There are two key elements in marketing today that you just CANNOT ignore. The first is video. If you’re not using video to promote your business at this point, you are living under a rock. (Sorry. That’s me being perfectly blunt, but you have got to start weaving video into your marketing strategy.) The second is that marketing today is primarily built upon relationships with your customers (or potential customers), so it's inevitable that someone in your organization will need to get comfortable in front of a camera — maybe several people. Your audience wants to get to know you and see behind the curtain. If you run a healthcare system, they might be physicians and staff. If you run a school, they might be teachers. If you run a museum, they might be historians or docents. While the days of beautifully produced broadcast commercials are not dead, they are balanced with more simply produced videos featuring a relatable persona — especially given the rise and prominence of social media.
In your quest to find willing "talent" within your organization, you may encounter many people holding on tightly to the door jambs while being pushed into the world of video. It’s totally natural. And very common. In fact, a Harvard Business Review article (https://hbr.org/2019/09/to-overcome-your-fear-of-public-speaking-stop-thinking-about-yourself) talks about it stemming from humans’ fear of being watched which is actually super interesting, but I’ll stick to my mission here.
I wanted to give you some quick tips on getting comfortable in front of a camera... for either you or anyone in your organization that might find themselves on that side of the lens on occasion.
First rule? Make yourself look good! Use nice lighting. Don’t sit in front of a window and look totally backlit. Buy a ring light that you can mount in front of you if needed. Arrange the space behind you and make it look presentable. Yes, this means get rid of anything that doesn’t reflect the tone or message you want to send. And for goodness sake, use a flattering angle. If you’re using a laptop, mount it higher so we’re not looking up your nose.
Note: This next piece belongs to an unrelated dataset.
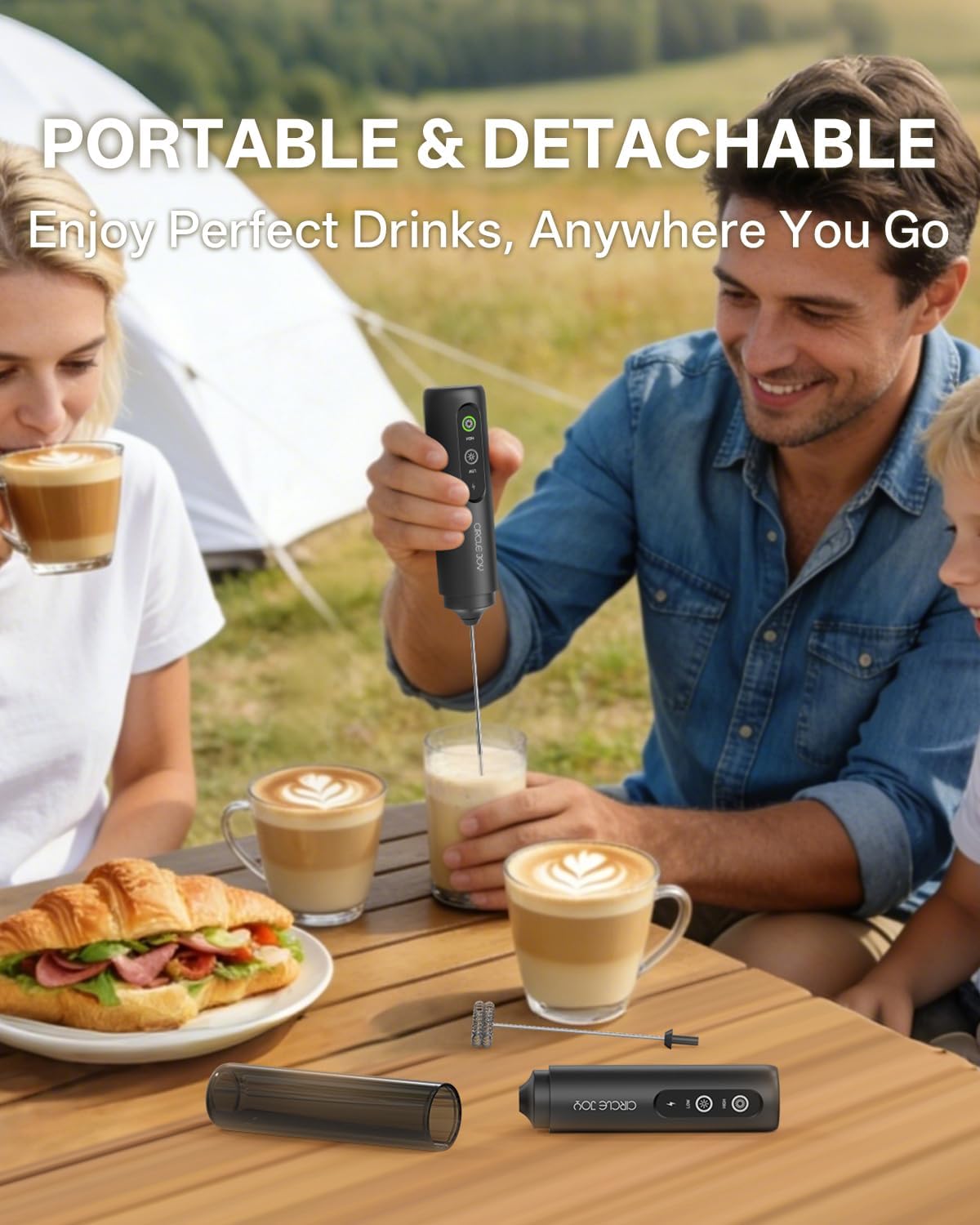 CIRCLE JOY Electric Milk Frother Handheld with Cover, Rechargeable 2 Speed Dual Coil Whisk Head Electric Coffee Frother, Portable Hand Frother Wand Drink Mixer for Matcha Lattes Cappuccino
As rudimentary as it may seem, I feel the need to point this out. Just practice. See what you look like on camera and adjust until you feel good about it. Practice being comfortable. The more times you see yourself on camera, the more you’ll get used to it. Plus, it’s important to practice what you want to say out loud, not simply in your head. Send practice videos to co-workers or friends you trust to give you honest feedback. (Tip: Don’t over-rehearse your message or it will sound robotic. Practice for comfort, not perfection.)
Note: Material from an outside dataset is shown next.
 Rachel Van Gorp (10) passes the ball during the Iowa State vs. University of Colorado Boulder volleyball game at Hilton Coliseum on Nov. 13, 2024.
Be authentic with your clothing and the way you present yourself. It’s all part of your brand. Don’t try and be someone you’re not, or try to alter who you are because you think your audience wants you to look/be/talk/act a certain way. Be yourself.
Take a deep breath. Talk slower than you normally would and annunciate. Remember it’s not LIVE, so there’s really no reason to be nervous because nobody has to see what you are recording unless YOU choose to publish it. (On that note, I would suggest NOT doing any Facebook LIVE sessions until you’re comfortable going there.)
Remember why you’re doing this. It’s about the message, not you. Are you recording videos to gain more followers? To help customers understand your product or mission? To help employees come on board? There could be a million reasons. Focus on that.
Whether you’re making your own quick videos with your phone or have an outside company making videos for you, just keep in mind you can edit out whatever you don’t want. Finding a good editor is key. Play around with some of the editing apps that are available.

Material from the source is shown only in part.